About this exercise: Everything from the line holding "Overhead cupboards. We've" through the last line of the records should be repeated word for word, and pictures should be omitted.

☆ ☆ ☆ ☆ ☆ ☆ ☆

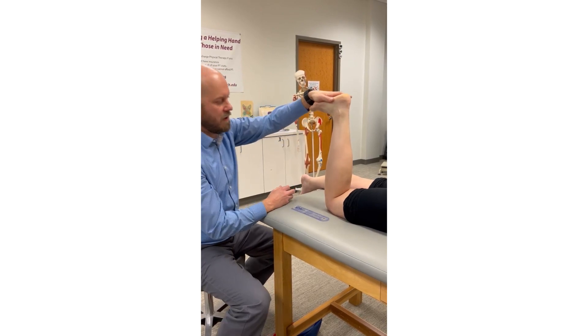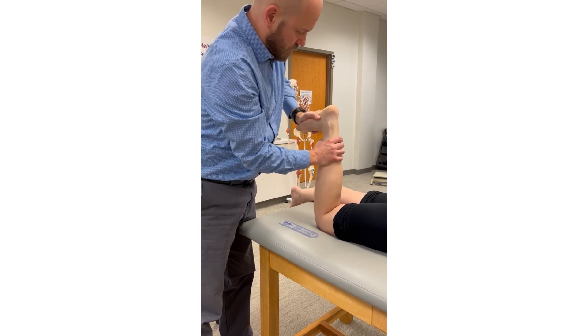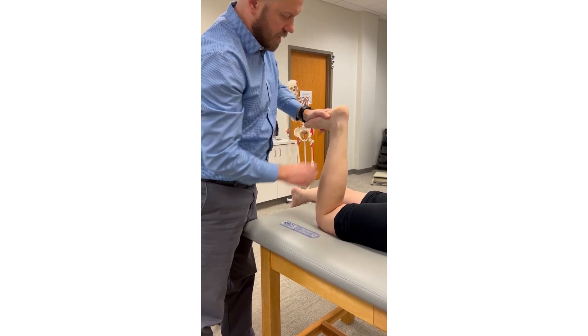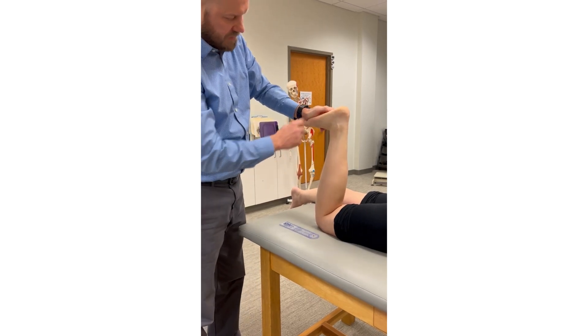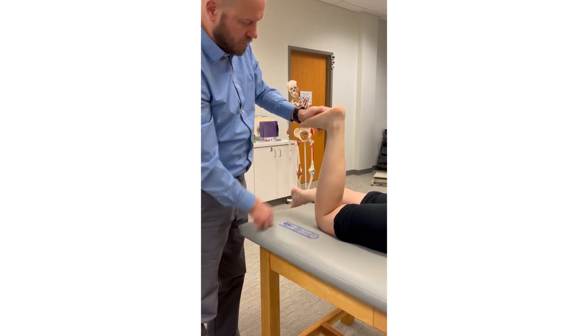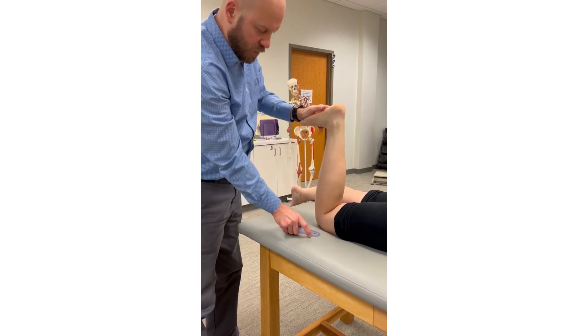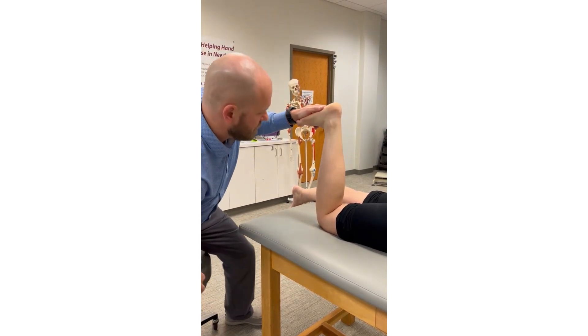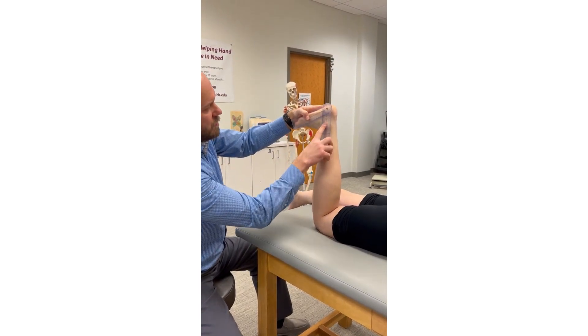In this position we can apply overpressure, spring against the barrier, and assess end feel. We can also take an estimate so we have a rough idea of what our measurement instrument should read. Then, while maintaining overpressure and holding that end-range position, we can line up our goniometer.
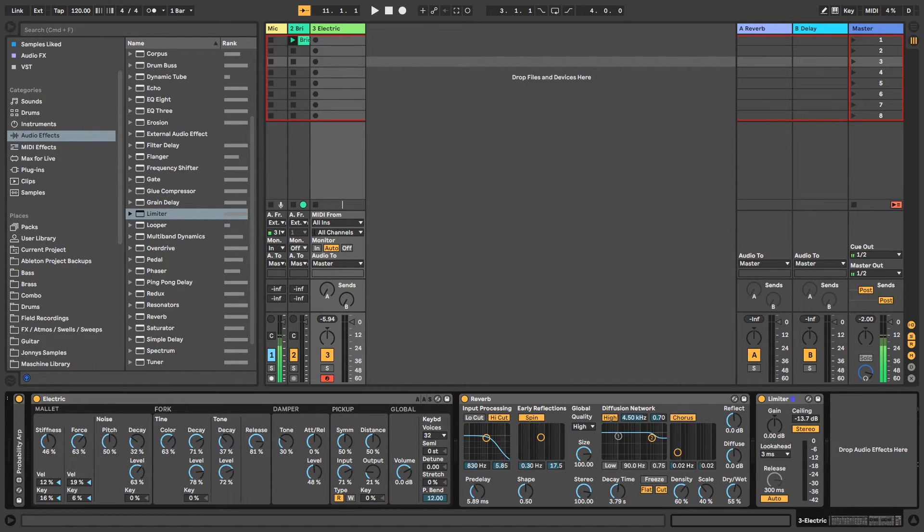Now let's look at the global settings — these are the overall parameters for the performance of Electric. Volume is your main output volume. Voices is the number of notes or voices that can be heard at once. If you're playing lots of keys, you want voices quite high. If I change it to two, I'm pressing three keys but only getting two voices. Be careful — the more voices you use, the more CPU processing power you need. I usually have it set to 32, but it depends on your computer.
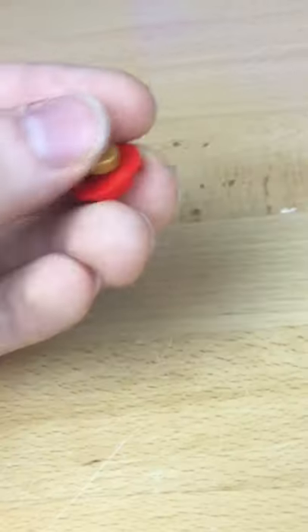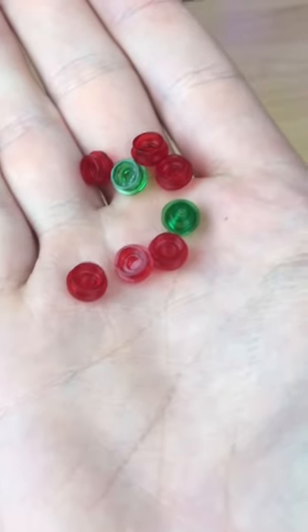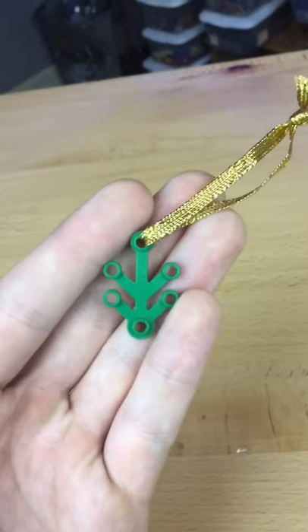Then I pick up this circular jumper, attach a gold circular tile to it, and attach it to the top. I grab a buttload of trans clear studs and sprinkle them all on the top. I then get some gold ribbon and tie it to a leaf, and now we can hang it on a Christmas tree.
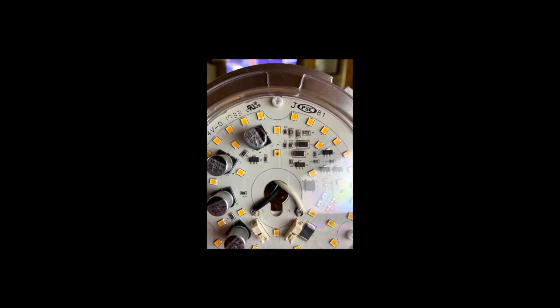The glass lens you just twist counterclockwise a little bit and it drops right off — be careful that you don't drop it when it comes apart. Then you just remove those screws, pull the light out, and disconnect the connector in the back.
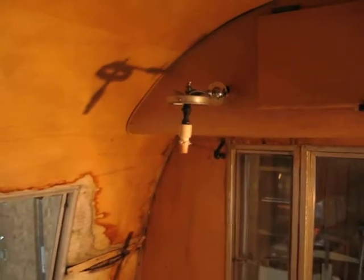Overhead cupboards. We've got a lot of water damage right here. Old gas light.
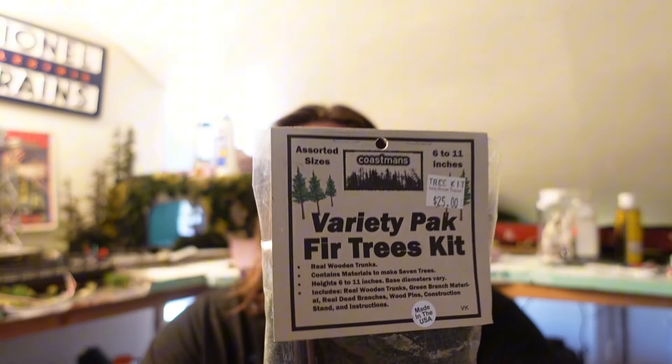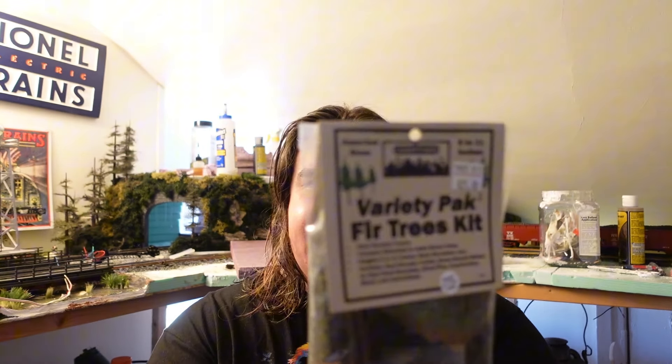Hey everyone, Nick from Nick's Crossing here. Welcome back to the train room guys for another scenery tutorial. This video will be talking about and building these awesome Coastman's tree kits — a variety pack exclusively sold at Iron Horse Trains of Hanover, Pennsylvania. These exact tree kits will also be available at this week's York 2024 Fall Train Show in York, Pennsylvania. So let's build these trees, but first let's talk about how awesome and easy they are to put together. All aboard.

☆ ☆ ☆ ☆ ☆ ☆ ☆

Problem solution:
Overhead cupboards. We've got a lot of water damage right here. Old gas light.
Hey everyone, Nick from Nick's Crossing here. Welcome back to the train room guys for another scenery tutorial. This video will be talking about and building these awesome Coastman's tree kits — a variety pack exclusively sold at Iron Horse Trains of Hanover, Pennsylvania. These exact tree kits will also be available at this week's York 2024 Fall Train Show in York, Pennsylvania. So let's build these trees, but first let's talk about how awesome and easy they are to put together. All aboard.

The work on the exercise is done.